Consider this typical scenario. Tom is a tax partner. He’s got a really good insight that is probably relevant to many of his firm’s clients. How should he go about telling his fellow partners and winning instructions?
The obvious answer is to start with a well-written, clear email pointing out the issue and what the client relationship partners should say or do with their clients. Maybe it’ll take an hour to draft the email, but then all his partners have got the message and leads are sure to be generated. As the meercat in the advertisement would say….’Simples!’
It may be simple, but the problem is that this approach invariably doesn’t work! Partners get so many e-mails that messages such as this are unlikely to penetrate the white noise generated by day-to-day work and other messages.
A better approach for Tom is to meet key partners on a 1-1 basis and tell them about the important legal or regulatory development. This takes much more time but the message can at least penetrate. Though again little action typically ensues.
What is Tom missing?
- For cross selling to work, Tom has to put much more work in to communicate the benefit to each client of seeking his tax advice. For example, will it save the client money or mitigate any commercial or regulatory risks?
- But not just this, Tom has to make clearer what the benefits are to each partner to take action. What’s in it for them?

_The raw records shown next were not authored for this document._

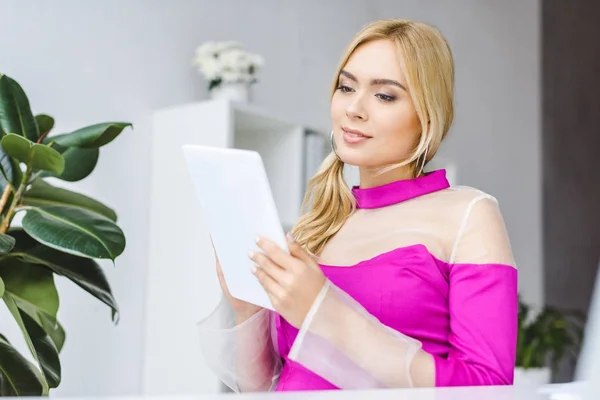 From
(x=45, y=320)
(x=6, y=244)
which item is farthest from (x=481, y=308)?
(x=45, y=320)

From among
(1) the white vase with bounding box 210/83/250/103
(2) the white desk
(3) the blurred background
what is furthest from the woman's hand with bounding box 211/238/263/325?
(1) the white vase with bounding box 210/83/250/103

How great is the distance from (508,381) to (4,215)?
128 cm

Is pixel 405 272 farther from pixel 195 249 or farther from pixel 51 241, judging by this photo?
pixel 195 249

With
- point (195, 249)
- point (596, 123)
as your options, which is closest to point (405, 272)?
point (195, 249)

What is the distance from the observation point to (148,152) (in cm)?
308

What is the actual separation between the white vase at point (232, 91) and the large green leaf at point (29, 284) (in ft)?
4.27

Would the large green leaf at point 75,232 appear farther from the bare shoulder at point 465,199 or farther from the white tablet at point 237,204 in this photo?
the bare shoulder at point 465,199

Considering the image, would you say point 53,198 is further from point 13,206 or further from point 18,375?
point 18,375

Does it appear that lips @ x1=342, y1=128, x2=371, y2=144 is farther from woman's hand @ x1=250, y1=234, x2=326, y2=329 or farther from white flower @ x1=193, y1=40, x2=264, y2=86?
white flower @ x1=193, y1=40, x2=264, y2=86

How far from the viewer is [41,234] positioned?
1.78 metres

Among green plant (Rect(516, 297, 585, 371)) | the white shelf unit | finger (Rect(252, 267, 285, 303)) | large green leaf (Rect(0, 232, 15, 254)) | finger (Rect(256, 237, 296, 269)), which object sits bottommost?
green plant (Rect(516, 297, 585, 371))

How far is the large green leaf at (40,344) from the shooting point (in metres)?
1.80

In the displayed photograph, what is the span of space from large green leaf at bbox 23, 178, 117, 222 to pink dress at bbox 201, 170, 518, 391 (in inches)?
26.0

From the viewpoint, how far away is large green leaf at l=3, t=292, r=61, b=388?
180 centimetres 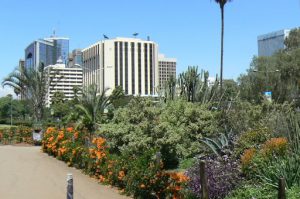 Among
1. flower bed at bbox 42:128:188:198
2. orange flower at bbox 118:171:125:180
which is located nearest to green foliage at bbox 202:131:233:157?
flower bed at bbox 42:128:188:198

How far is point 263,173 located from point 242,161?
2.89 ft

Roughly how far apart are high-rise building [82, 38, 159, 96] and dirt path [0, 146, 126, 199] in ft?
166

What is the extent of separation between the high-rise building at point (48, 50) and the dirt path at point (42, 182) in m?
97.7

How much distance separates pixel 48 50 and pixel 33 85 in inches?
3656

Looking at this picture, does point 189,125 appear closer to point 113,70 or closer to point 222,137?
point 222,137

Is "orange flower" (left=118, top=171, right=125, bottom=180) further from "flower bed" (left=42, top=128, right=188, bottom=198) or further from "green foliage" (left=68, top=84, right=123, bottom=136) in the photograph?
"green foliage" (left=68, top=84, right=123, bottom=136)

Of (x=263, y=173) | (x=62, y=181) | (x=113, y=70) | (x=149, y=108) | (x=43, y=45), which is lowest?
(x=62, y=181)

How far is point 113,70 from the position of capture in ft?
248

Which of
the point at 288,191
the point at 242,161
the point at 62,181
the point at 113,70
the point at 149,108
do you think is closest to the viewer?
the point at 288,191

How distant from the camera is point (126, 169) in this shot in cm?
1247

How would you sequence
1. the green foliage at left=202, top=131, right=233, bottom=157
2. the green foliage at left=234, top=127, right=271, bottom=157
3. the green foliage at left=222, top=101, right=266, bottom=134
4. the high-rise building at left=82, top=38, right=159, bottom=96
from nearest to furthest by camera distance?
1. the green foliage at left=234, top=127, right=271, bottom=157
2. the green foliage at left=202, top=131, right=233, bottom=157
3. the green foliage at left=222, top=101, right=266, bottom=134
4. the high-rise building at left=82, top=38, right=159, bottom=96

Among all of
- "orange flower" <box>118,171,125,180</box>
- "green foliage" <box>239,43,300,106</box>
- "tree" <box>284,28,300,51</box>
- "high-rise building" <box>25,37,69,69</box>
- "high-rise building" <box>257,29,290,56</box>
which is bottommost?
"orange flower" <box>118,171,125,180</box>

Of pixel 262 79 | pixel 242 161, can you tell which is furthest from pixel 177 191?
pixel 262 79

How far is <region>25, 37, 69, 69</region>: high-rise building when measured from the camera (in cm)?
12181
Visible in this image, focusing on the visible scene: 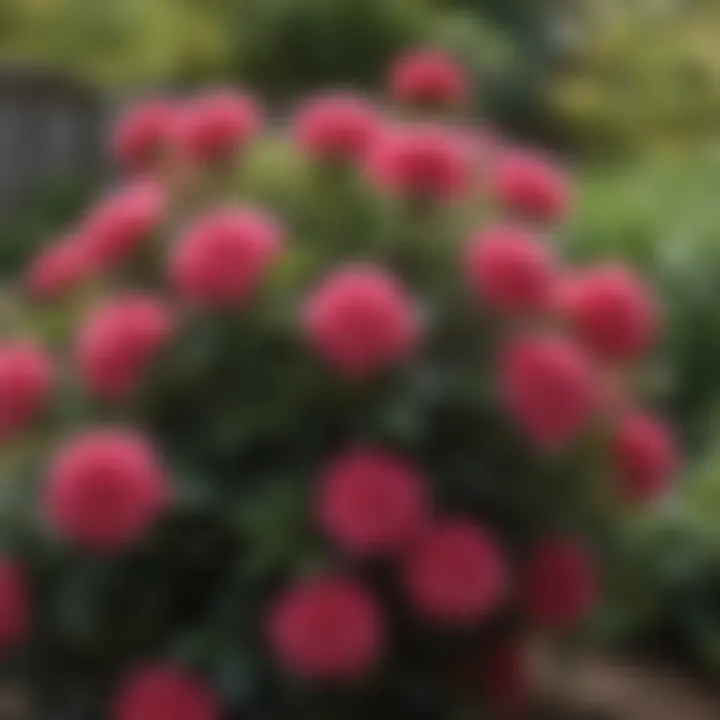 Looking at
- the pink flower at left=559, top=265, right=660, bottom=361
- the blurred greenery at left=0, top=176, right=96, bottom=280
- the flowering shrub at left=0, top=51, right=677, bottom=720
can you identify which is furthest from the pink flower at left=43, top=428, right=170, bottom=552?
the blurred greenery at left=0, top=176, right=96, bottom=280

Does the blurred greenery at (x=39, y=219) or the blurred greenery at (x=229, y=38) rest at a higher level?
the blurred greenery at (x=229, y=38)

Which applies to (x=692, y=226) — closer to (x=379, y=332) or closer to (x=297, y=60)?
(x=379, y=332)

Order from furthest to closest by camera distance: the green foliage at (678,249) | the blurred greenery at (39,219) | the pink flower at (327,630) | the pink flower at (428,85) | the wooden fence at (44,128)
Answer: the wooden fence at (44,128), the blurred greenery at (39,219), the green foliage at (678,249), the pink flower at (428,85), the pink flower at (327,630)

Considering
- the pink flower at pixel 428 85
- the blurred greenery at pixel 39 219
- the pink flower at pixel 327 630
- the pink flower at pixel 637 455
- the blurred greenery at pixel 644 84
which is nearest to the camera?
the pink flower at pixel 327 630

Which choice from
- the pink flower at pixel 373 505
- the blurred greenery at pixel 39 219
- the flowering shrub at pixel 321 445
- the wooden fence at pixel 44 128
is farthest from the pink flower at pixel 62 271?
the wooden fence at pixel 44 128

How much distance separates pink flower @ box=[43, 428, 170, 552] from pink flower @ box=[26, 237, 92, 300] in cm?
26

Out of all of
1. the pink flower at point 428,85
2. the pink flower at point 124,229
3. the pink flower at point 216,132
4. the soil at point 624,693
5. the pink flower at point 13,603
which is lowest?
the soil at point 624,693

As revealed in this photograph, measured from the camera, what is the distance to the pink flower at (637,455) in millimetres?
2107

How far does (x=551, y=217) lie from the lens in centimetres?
223

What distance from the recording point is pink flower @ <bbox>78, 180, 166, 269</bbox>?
2.12 meters

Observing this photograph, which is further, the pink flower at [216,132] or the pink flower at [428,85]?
the pink flower at [428,85]

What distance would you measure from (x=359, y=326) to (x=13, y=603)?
461 millimetres

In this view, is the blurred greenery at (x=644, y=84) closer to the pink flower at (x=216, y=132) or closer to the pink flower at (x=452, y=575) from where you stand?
the pink flower at (x=216, y=132)

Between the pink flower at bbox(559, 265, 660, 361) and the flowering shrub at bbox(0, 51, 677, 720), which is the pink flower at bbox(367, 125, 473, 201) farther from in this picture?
the pink flower at bbox(559, 265, 660, 361) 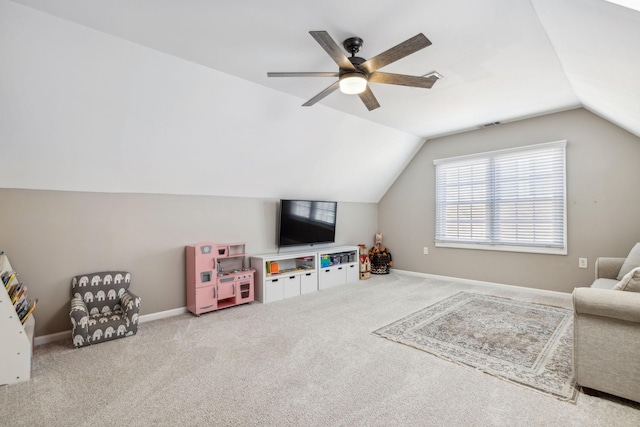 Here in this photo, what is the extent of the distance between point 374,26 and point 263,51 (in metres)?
0.96

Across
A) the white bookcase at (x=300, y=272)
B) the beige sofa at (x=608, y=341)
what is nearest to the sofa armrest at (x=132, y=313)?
the white bookcase at (x=300, y=272)

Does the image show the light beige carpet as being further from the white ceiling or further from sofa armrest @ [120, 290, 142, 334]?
the white ceiling

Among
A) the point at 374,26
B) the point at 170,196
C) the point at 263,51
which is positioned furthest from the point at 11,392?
the point at 374,26

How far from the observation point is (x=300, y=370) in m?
2.40

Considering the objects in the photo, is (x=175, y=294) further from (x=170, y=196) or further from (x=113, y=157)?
(x=113, y=157)

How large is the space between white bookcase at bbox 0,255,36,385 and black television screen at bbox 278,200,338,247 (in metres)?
3.03

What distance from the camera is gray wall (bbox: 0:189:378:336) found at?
290 centimetres

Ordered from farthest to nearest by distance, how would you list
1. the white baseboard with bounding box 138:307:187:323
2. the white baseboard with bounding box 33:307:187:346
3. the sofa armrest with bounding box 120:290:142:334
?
the white baseboard with bounding box 138:307:187:323 < the sofa armrest with bounding box 120:290:142:334 < the white baseboard with bounding box 33:307:187:346

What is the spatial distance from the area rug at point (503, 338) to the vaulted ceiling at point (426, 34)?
7.38ft

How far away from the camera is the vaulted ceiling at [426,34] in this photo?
2.03 metres

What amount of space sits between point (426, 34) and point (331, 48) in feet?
3.04

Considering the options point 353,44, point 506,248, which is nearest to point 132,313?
point 353,44

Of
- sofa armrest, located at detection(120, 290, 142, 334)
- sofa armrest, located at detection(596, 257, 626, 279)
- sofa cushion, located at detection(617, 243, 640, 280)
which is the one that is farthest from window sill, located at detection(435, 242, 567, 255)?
sofa armrest, located at detection(120, 290, 142, 334)

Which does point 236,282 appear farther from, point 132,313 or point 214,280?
point 132,313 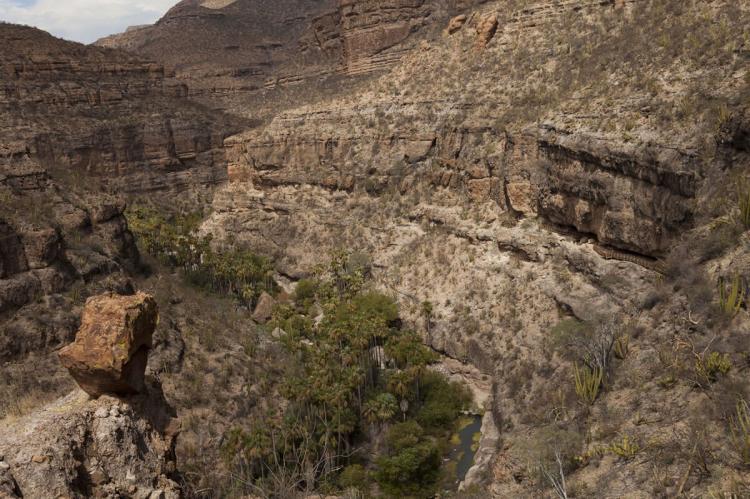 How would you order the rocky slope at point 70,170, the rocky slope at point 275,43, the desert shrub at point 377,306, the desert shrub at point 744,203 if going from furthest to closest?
1. the rocky slope at point 275,43
2. the desert shrub at point 377,306
3. the rocky slope at point 70,170
4. the desert shrub at point 744,203

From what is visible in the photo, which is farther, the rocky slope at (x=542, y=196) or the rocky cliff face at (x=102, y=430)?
the rocky slope at (x=542, y=196)

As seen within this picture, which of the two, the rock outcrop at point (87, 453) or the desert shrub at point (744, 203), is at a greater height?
the desert shrub at point (744, 203)

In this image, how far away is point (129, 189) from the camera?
70.4 meters

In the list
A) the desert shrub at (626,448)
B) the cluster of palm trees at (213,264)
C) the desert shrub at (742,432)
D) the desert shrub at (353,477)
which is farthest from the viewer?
the cluster of palm trees at (213,264)

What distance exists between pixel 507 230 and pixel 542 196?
335 centimetres

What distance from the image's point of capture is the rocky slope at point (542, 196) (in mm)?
21859

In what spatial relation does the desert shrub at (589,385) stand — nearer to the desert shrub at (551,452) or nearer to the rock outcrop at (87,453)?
the desert shrub at (551,452)

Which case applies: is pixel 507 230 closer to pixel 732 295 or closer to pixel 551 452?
pixel 732 295

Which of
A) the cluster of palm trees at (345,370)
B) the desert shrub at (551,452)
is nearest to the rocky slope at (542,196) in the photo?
the desert shrub at (551,452)

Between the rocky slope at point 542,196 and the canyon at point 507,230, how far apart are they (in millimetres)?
137

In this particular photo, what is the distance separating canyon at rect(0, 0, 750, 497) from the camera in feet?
66.9

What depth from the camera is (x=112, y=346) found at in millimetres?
12633

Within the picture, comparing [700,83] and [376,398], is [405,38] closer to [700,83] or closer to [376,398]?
[700,83]

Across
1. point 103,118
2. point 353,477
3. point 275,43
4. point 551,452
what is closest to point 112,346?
point 551,452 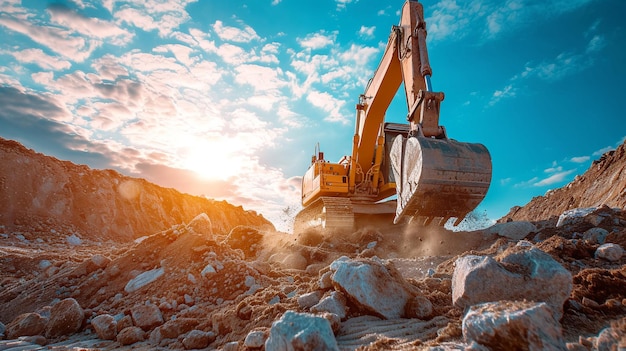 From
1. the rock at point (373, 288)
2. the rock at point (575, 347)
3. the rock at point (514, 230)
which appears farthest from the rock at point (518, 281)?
the rock at point (514, 230)

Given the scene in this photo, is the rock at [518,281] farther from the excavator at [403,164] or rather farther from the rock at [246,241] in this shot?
the rock at [246,241]

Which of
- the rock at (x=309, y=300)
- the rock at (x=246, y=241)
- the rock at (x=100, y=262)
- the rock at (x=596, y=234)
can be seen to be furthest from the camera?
the rock at (x=246, y=241)

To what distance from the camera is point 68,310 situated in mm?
4004

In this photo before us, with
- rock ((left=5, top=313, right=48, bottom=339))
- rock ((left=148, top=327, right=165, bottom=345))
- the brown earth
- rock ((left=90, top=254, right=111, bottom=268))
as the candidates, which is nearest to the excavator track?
the brown earth

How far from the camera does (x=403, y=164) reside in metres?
5.17

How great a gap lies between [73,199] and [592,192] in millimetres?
25844

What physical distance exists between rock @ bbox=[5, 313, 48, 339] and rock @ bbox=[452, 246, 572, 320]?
4.43 meters

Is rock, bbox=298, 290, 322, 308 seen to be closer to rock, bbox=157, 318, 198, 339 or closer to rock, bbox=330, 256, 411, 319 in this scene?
rock, bbox=330, 256, 411, 319

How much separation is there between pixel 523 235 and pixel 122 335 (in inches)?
319

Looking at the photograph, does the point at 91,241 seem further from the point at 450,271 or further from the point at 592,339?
the point at 592,339

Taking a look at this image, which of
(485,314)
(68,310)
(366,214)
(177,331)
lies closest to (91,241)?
(366,214)

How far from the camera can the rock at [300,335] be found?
1985mm

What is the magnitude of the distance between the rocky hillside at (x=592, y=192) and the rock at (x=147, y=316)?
12.7 metres

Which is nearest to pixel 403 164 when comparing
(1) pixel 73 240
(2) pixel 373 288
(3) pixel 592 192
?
(2) pixel 373 288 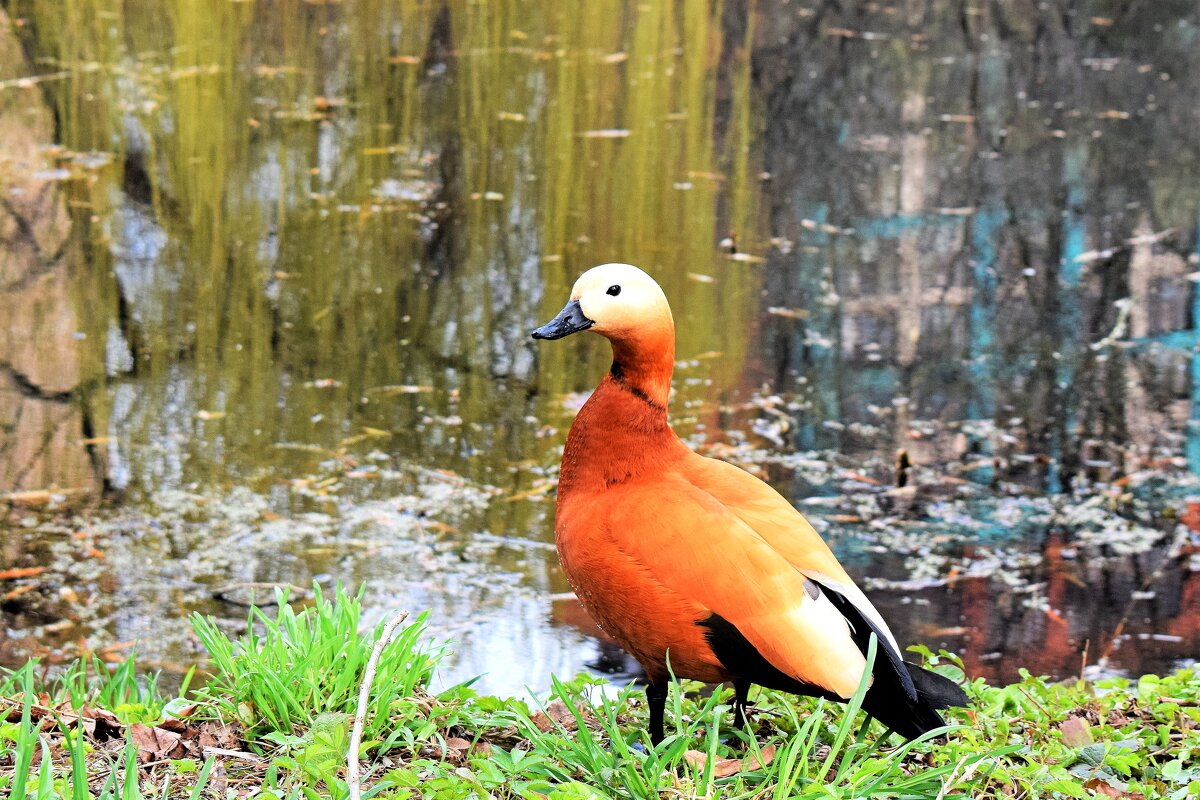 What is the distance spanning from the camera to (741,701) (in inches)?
115

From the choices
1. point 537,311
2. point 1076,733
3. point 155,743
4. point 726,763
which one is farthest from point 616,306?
point 537,311

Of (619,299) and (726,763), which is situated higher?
(619,299)

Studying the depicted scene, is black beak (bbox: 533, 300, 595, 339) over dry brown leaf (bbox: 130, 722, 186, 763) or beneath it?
over

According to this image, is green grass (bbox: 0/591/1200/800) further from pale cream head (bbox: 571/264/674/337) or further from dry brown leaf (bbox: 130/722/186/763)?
pale cream head (bbox: 571/264/674/337)

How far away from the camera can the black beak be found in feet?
9.25

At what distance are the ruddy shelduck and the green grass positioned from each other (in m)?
0.11

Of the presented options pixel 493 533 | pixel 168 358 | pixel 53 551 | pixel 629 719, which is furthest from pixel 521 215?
pixel 629 719

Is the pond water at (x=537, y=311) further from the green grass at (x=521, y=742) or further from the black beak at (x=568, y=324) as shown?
the black beak at (x=568, y=324)

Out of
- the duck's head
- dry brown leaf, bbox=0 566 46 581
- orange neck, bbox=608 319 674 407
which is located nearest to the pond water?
dry brown leaf, bbox=0 566 46 581

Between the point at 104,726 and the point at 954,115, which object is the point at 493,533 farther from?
the point at 954,115

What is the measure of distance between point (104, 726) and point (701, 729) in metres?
1.30

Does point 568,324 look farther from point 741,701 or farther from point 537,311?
point 537,311

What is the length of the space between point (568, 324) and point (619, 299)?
0.13 metres

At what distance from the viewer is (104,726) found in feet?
9.29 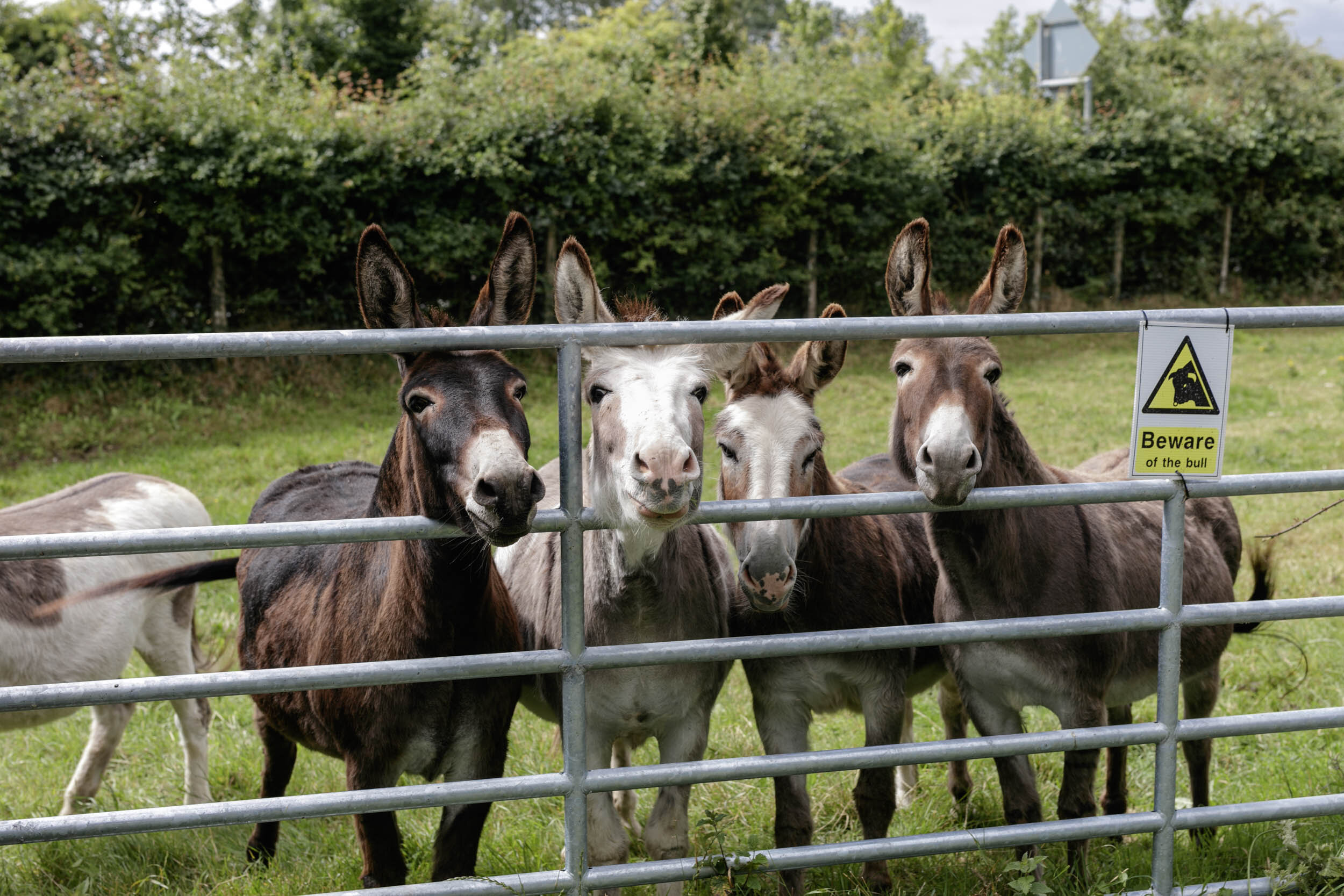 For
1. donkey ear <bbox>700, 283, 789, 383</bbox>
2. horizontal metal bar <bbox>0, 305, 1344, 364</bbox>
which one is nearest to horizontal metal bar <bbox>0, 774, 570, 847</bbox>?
horizontal metal bar <bbox>0, 305, 1344, 364</bbox>

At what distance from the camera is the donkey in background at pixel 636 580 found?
248cm

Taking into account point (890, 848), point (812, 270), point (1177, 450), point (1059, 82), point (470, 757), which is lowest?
point (890, 848)

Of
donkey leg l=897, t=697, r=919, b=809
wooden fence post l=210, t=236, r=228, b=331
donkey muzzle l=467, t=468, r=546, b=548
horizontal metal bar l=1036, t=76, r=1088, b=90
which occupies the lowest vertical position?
donkey leg l=897, t=697, r=919, b=809

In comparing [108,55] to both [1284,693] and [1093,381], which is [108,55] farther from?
[1284,693]

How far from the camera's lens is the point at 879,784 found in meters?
3.04

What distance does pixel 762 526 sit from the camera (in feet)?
8.56

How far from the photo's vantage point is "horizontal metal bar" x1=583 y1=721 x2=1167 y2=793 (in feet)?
7.70

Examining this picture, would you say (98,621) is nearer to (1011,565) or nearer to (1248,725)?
(1011,565)

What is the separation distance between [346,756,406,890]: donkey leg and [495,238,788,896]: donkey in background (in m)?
0.54

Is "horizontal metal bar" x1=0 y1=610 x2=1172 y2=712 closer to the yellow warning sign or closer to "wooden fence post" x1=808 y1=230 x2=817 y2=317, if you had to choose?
the yellow warning sign

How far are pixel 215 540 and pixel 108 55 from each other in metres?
12.6

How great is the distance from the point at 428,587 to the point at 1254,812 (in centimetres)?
223

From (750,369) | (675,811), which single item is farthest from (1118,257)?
(675,811)

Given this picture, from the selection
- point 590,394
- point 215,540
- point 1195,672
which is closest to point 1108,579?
point 1195,672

Such benefits might be demonstrating to the client that he or she is thinking of them, being proactive, providing added value etc. If the partner can see there is something in it for them, they are much more likely to take action.
- The conversation should make it clear as to exactly what steps Tom would like the partner to take. Most partners feel somewhat uncomfortable talking about legal issues outside their area of expertise. Tom should consider drafting an email for the partner to send to the client or use as a script on the phone.
- Tom would benefit from focusing at this stage on simply getting in front of the client
- Ideally Tom should meet the client with the client relationship partner. By doing this Tom will receive the halo effect from the goodwill inherent in the relationship with the client relationship partner.
Another useful tactic is to meet with heads of important practice areas first – in Tom’s case this is likely to include the Corporate/Commercial department. If Tom can win this key partner over, it might be possible to persuade them to attend a forthcoming partners meeting and have a 20 minute slot to talk about the issue openly. This underlines how important the issue is and has the potential to create some peer pressure. Tom can then follow up with each partner using the approach suggested above.
The conclusion from this is that for cross selling to work Tom needs to put much more work in tailoring his messages. This will require Tom to focus on a handful of key clients and to be persistent in following up with partners.